▶ **WORK TASK**
Your answer must match, word for word, the lines from the one holding "Dhiyona SS Summer Gingham Mul Cotton Saree" through the final line below, with pictures excluded.

▶ **DATASET EXTRACT**
◇ ◇ ◇ ◇

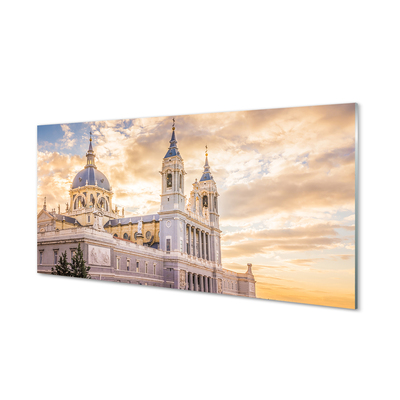 Skleněný panel Španělsko Cathedral při západu slunce
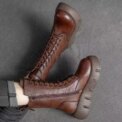 Retro Winter Leather Women's Boots Round Head Middle Heel Women's Ankle Boots Lace Warm Snow Boots Thick Bottom Bicycle Boots - Image 5
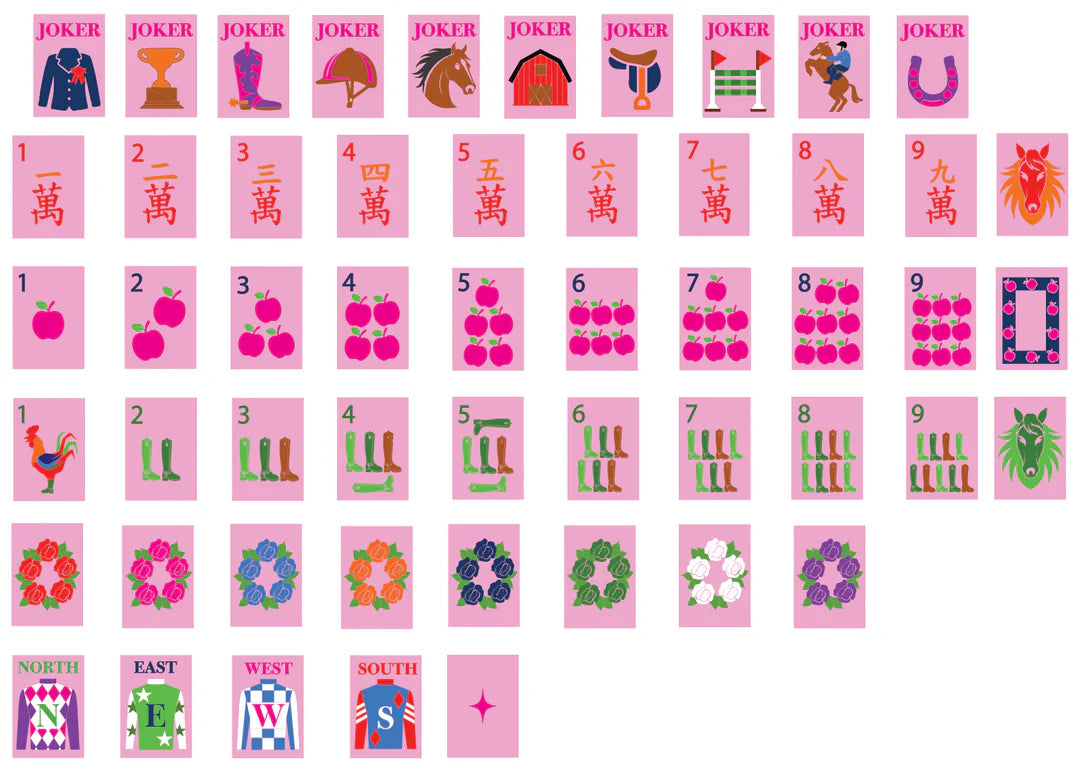 Year of the Horse Mahjong Tiles in Saddle Pink - The Preppy Bunny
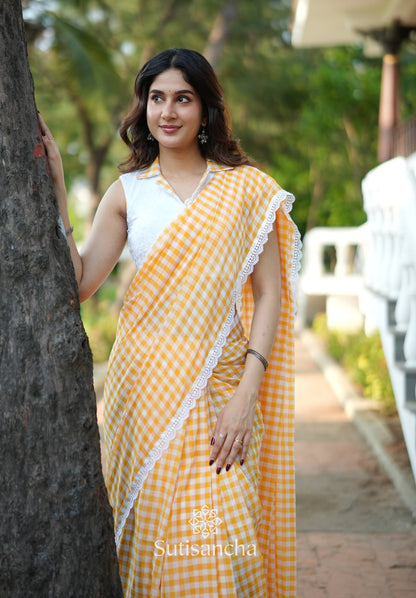 Dhiyona SS Summer Gingham Mul Cotton Saree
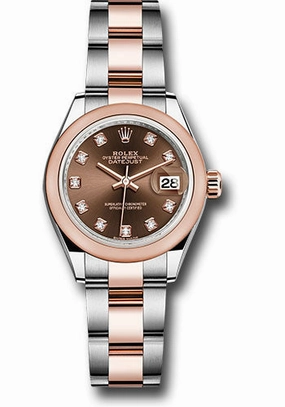 Rolex Steel and Everose Gold Rolesor Lady-Datejust 28 Watch - Domed Bezel - Chocolate Diamond Dial - Oyster Bracelet - 279161 chodo 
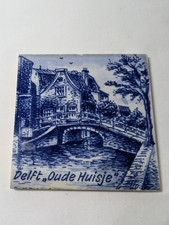 VINTAGE BLUE & WHITE DELFT DUTCH CERAMIC TILE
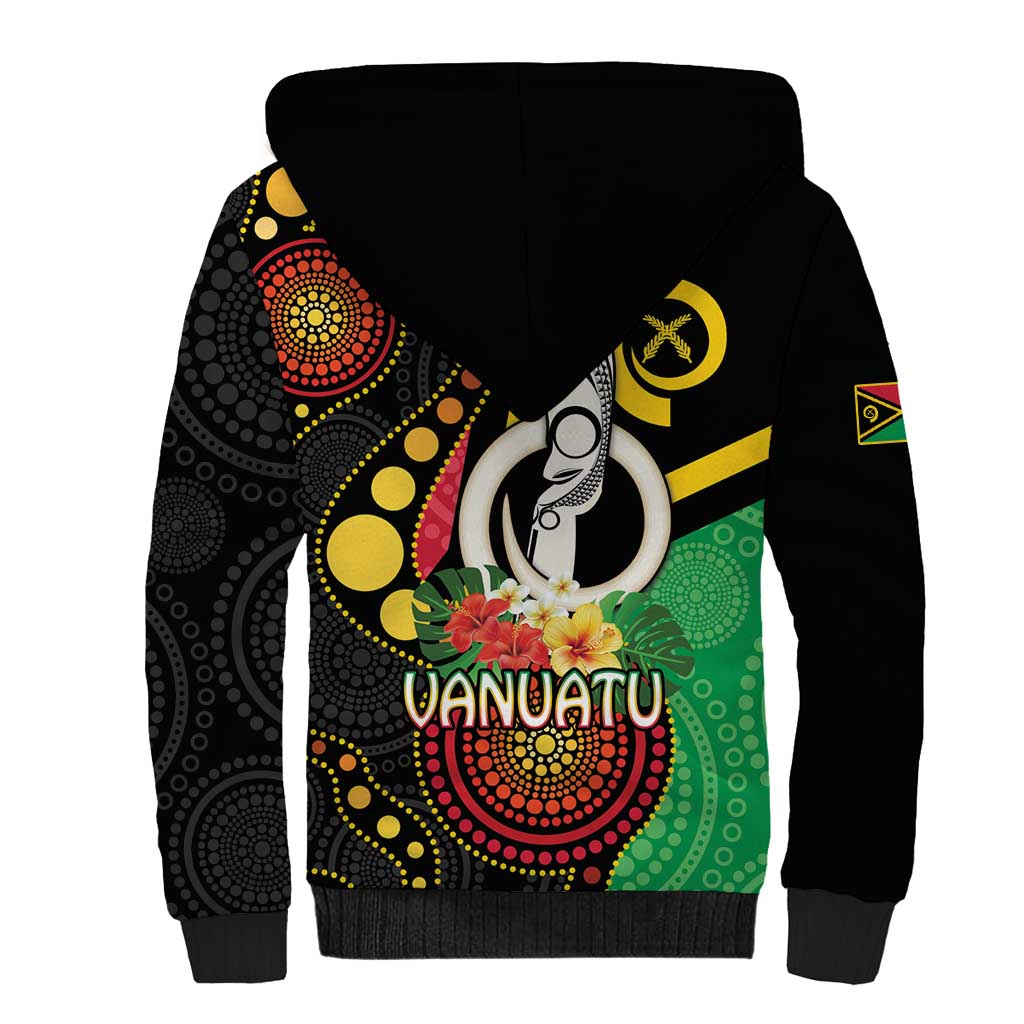 Tamtam Drum Vanuatu Sherpa Hoodie Boar Tusk Aboriginal Flag Style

◇ ◇ ◇ ◇

▶ **ANSWER FOR THIS EXERCISE**
 Dhiyona SS Summer Gingham Mul Cotton Saree
 Rolex Steel and Everose Gold Rolesor Lady-Datejust 28 Watch - Domed Bezel - Chocolate Diamond Dial - Oyster Bracelet - 279161 chodo 
 VINTAGE BLUE & WHITE DELFT DUTCH CERAMIC TILE
 Tamtam Drum Vanuatu Sherpa Hoodie Boar Tusk Aboriginal Flag Style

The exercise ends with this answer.